Sustentabilidade, desenvolvimento sustentável, transição, capitalismo consciente, responsabilidade social corporativa. São todos conceitos que tangenciam a ética e a necessidade de um uso consciente dos recursos naturais, principalmente pelas organizações. Ao final, muitos são os conceitos, mas os resultados da atuação da humanidade na natureza nos mostra que algo não vai bem.

O conceito de responsabilidade socioambiental, amplamente difundido, ganhou os organogramas das empresas, mas sabemos que, em muitos casos, o que vemos são ações paliativas, que buscam orientar esforços de relações públicas para extrair ainda mais benefícios das relações com as comunidades e com o meio ambiente. Por vezes, tenta-se comunicar realizações, fruto de exigências legais (de caráter compensatório e condicionantes para continuidade operacional) como práticas voluntárias, como se fossem nascidas de um consciência socioambiental da empresa.

Algumas abordagens mais recentes, no campo da sustentabilidade, vêm ganhando notoriedade, e espaço no mundo. Uma delas é a Economia Circular. Ainda engatinhando no Brasil, o conceito propõe a reformulação da lógica do desenvolvimento de produtos e serviços, com o firme propósito de chegar até o ‘resíduo zero’.

Dentro dos princípios da economia circular não há espaço para o conceito de ‘mal menor’, onde poderia valer a pena realizar uma ação apenas em função de uma redução dos impactos de um produto. A economia circular convida as empresas a repensarem de forma profunda seus processos.
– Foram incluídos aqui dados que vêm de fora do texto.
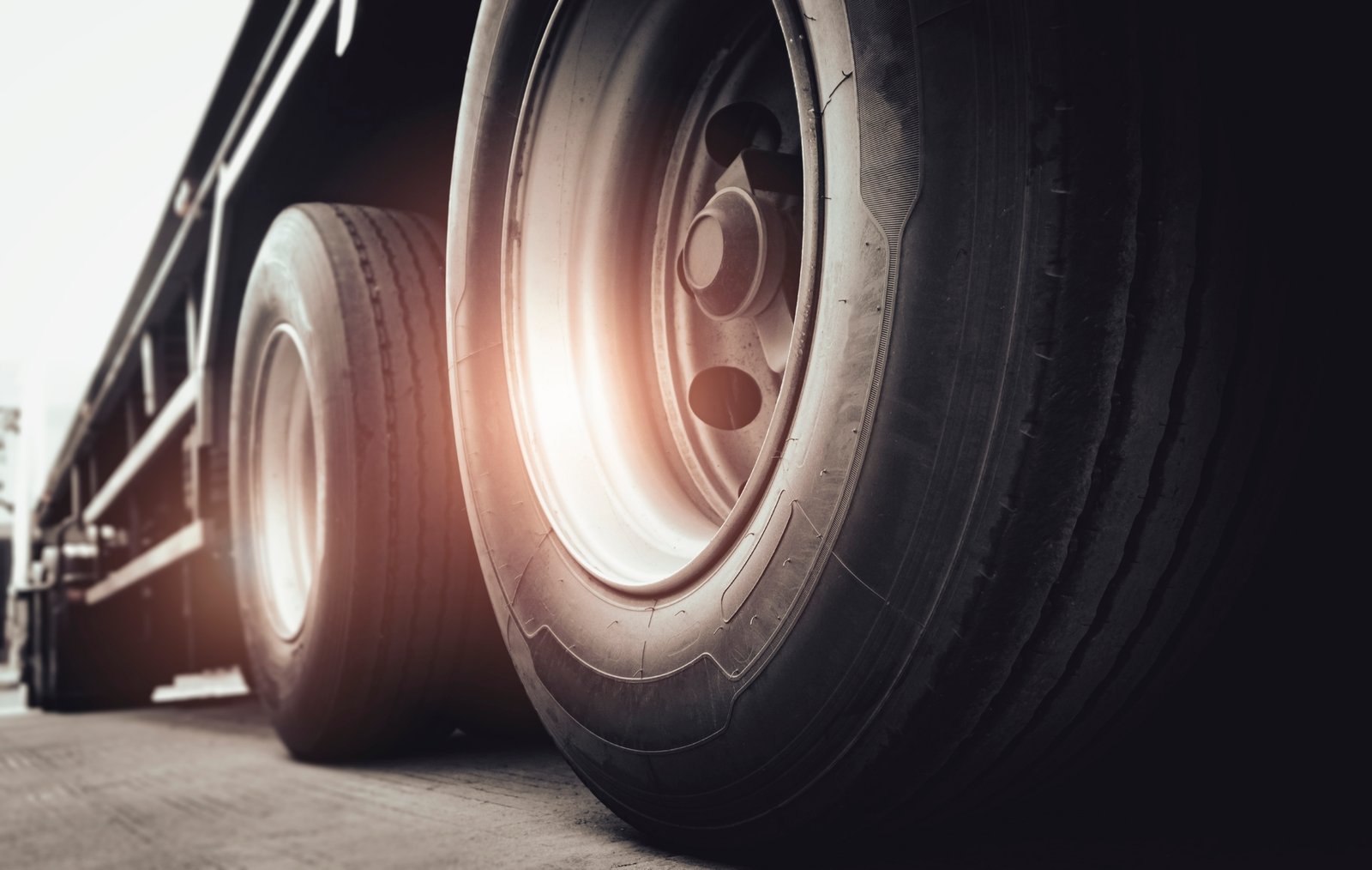 Freight Transportation. Close Up Large A Truck Wheels And Tires Of Semi Truck.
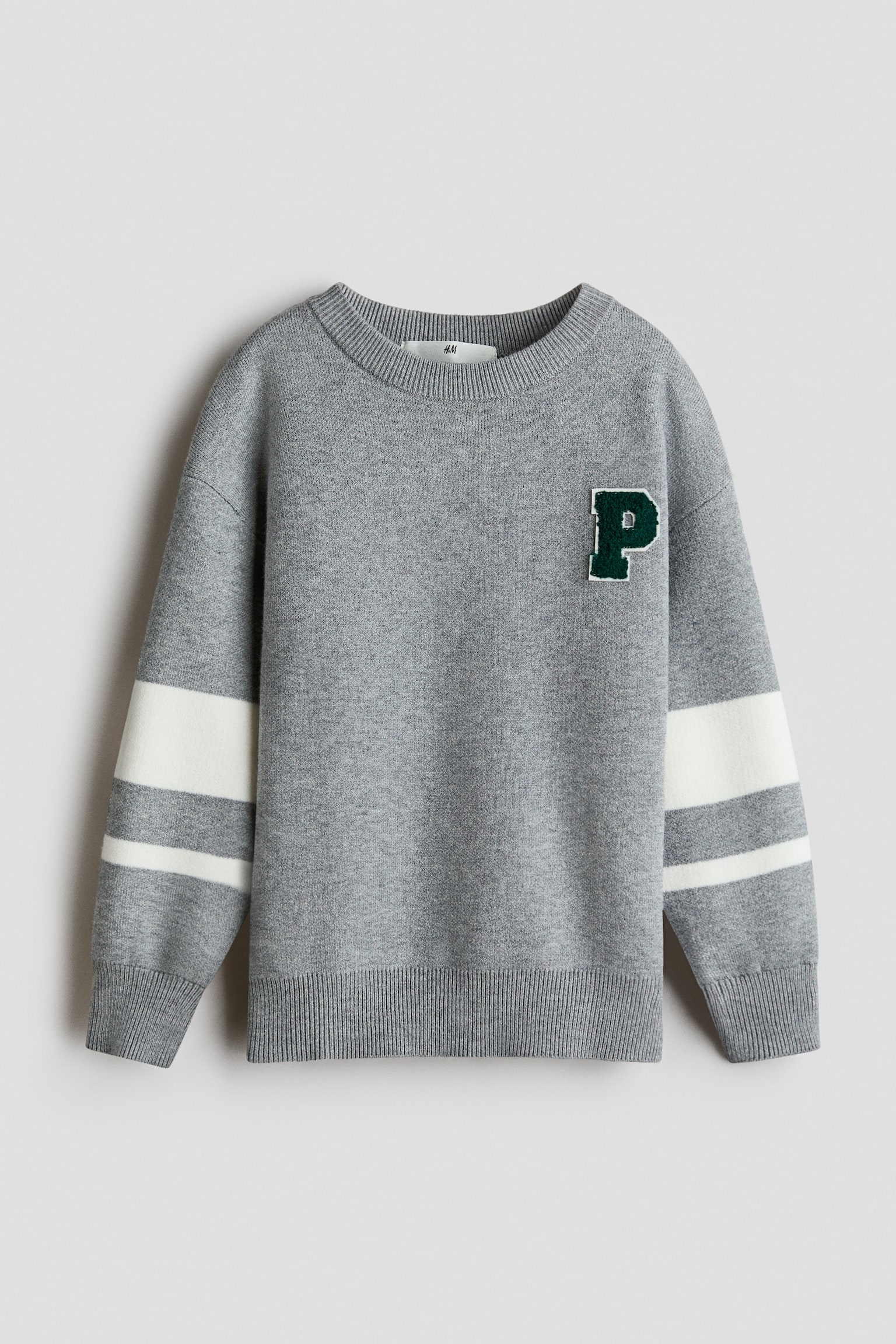 SivÃ½ pletenÃ½ sveter zobrazenÃ½ spredu mÃ¡ na Ä¾avej strane hrude zelenÃº nÃ¡Å¡ivku s pÃ­smenom âPâ v Å¡tÃ½le varsity. Sveter mÃ¡ spustenÃ© ramenÃ¡, dva biele vodorovnÃ© pruhy na kaÅ¾dom rukÃ¡ve a rebrovanÃ© lemy okolo okrÃºhleho vÃ½strihu, manÅ¾iet a spodnÃ©ho okraja.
Em muitos casos, as empresas conseguem desenvolver produtos sustentáveis e ambientalmente corretos, mais duráveis, seguros, inspiradores, e até mais baratos.

Os gigantes estão se movimentando neste sentido. Nos Estados Unidos e Canadá consumidores podem levar suas peças de jeans (denim) em lojas da Levis Strauss e obter 20% de desconto em novos produtos. Estas peças podem posteriormente ser reaproveitadas para revestimentos na construção de casas de baixo custo. (fonte: https://www.nikecirculardesign.com/guides/CircularityGuide.pdf)
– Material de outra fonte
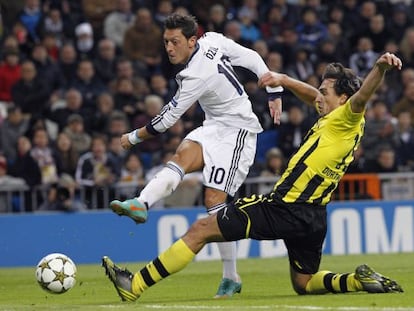 Özil golpea el balón ante el jugador del Borussia Mats Hummels.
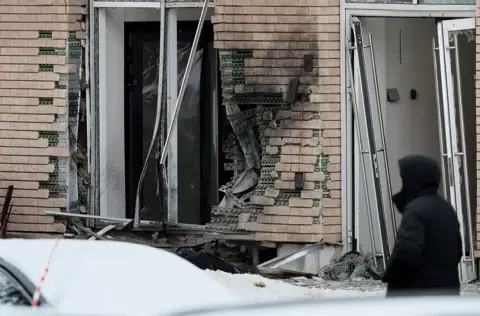 EPA Damage to brickwork and windows is seen on the outside of an apartment block in Moscow as a person in a hooded jacket looks on, taken 17 December.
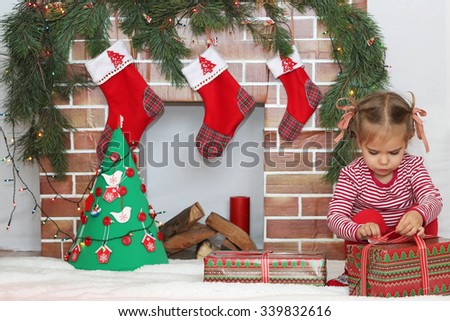 Pretty child girl opening a gift near Christmas decorated fireplace, winter holiday family concept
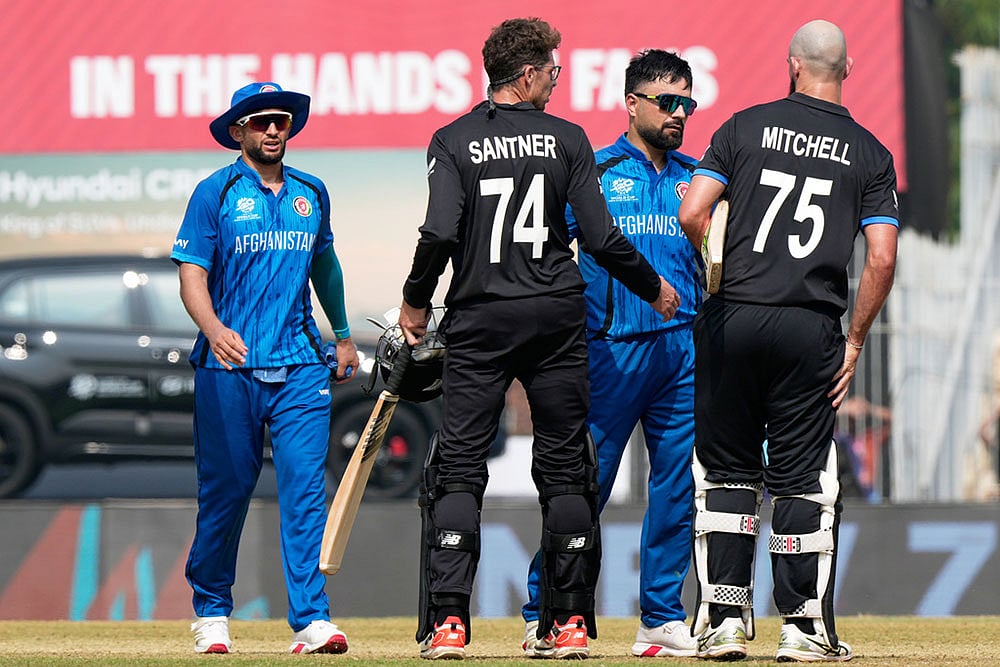 Afghanistan's captain Rashid Khan, center, greets New Zealand's Daryl Mitchell, right, and Mitchel Santner after New Zealand won their T20 World Cup cricket match against Afghanistan in Chennai, India. - | Photo: AP/Mahesh Kumar A.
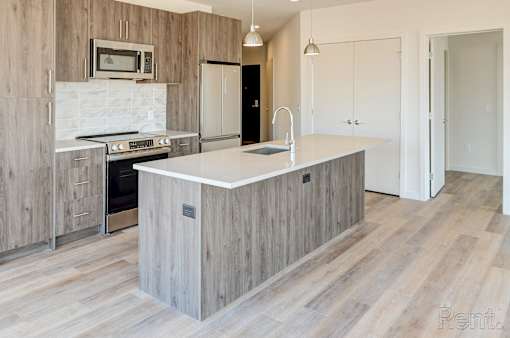 A kitchen with a white countertop and wooden cabinets.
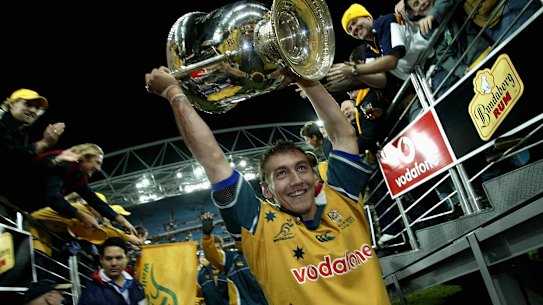 Mat Rogers holds the Bledisloe Cup aloft in 2002.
A Nike lançou uma frente rumo ao design circular. A empresa desenvolveu a Tierra Flon Rain Jacket, que trata-se de um casaco feito apenas de poliéster 100% reciclado. Ao invés de combinar diferentes insumos, ao criar um produto ‘mono-material’ a empresa evita a necessidade de separação destes componentes durante um posterior processo de reciclagem.

Pura estratégia de marca? Inovação real? Vamos lá. No site, https://www.nikecirculardesign.com/, é possível encontrar muitas iniciativas da empresa, e o Guia “Circularity: Guinding the Future of Design, feito em colaboração com “Central Saint Martins, University of the Arts London, e inspirado a partir da Global Fashion Agenda, e insights da Fundação Ellen MacArthur Foundation”, instituição que é referência mundial sobre o tema.
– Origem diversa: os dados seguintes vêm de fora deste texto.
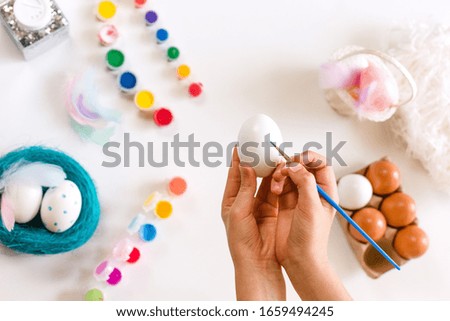 Child's hands coloring easter eggs with colors and brush on light background. Easter, holidays, tradition concept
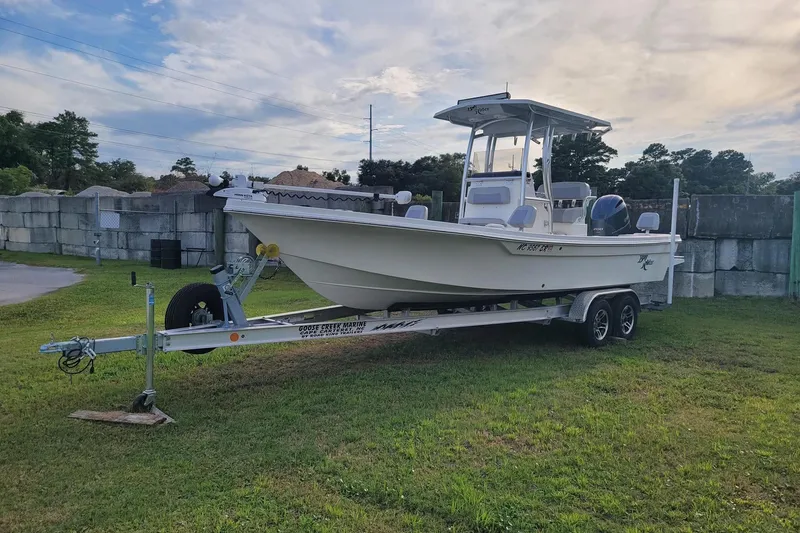 Slide: The Image of 2021 KenCraft Bayrider boat on trailer, parked on grass under cloudy sky. - 17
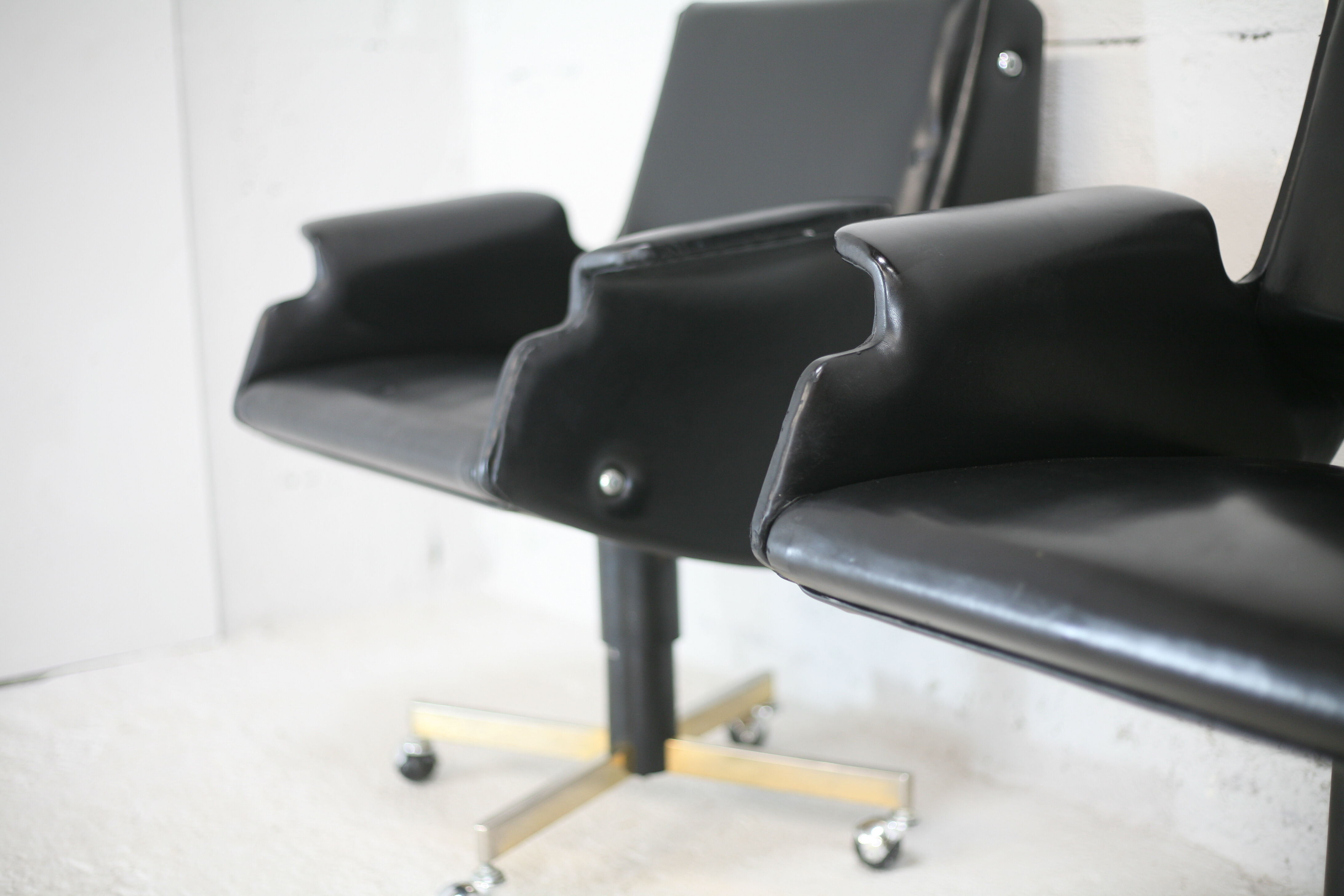 Pair of swivel armchairs, imitation leather and steel, Italy, circa 1960.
A empresa também já lançou desafios para designers de todo o mundo, para que participassem dos seus esforços na reutilização de materiais vindos dos seus produtos. No site ainda não há informações suficientes para termos uma visão substancial destas inovações, ou de quanto cada projeto representa na cadeia de produção da empresa como um todo. Sigamos pesquisando.

No livro ‘Cradle to Cradle: Criar e reciclar ilimitadamente’, expressão em inglês que quer dizer ‘do berço ao berço’, o arquiteto americano William McDonough e o engenheiro químico alemão Michael Braungart apresentam os princípios e exemplos de como uma lógica circular, além de urgente, pode transformar nossa maneira de pensar o desenvolvimento de novos produtos.

Como fonte de inspiração, temos aqui a própria natureza. De maneira clara, os autores convidam a enxergar a incrível capacidade da natureza de trabalhar com desperdício zero, enquanto é capaz de produzir uma infinidade de materiais, de maneira limpa, contínua, e sem perdas.

Para a economia circular ‘o lixo é um erro de design’, e por isso ela nos desafia para além do princípio da sustentabilidade. Nós podemos mais. Podemos pensar além de apenas manter as coisas como estão. Podemos melhorar o meio ambiente, regenerar, requalificar.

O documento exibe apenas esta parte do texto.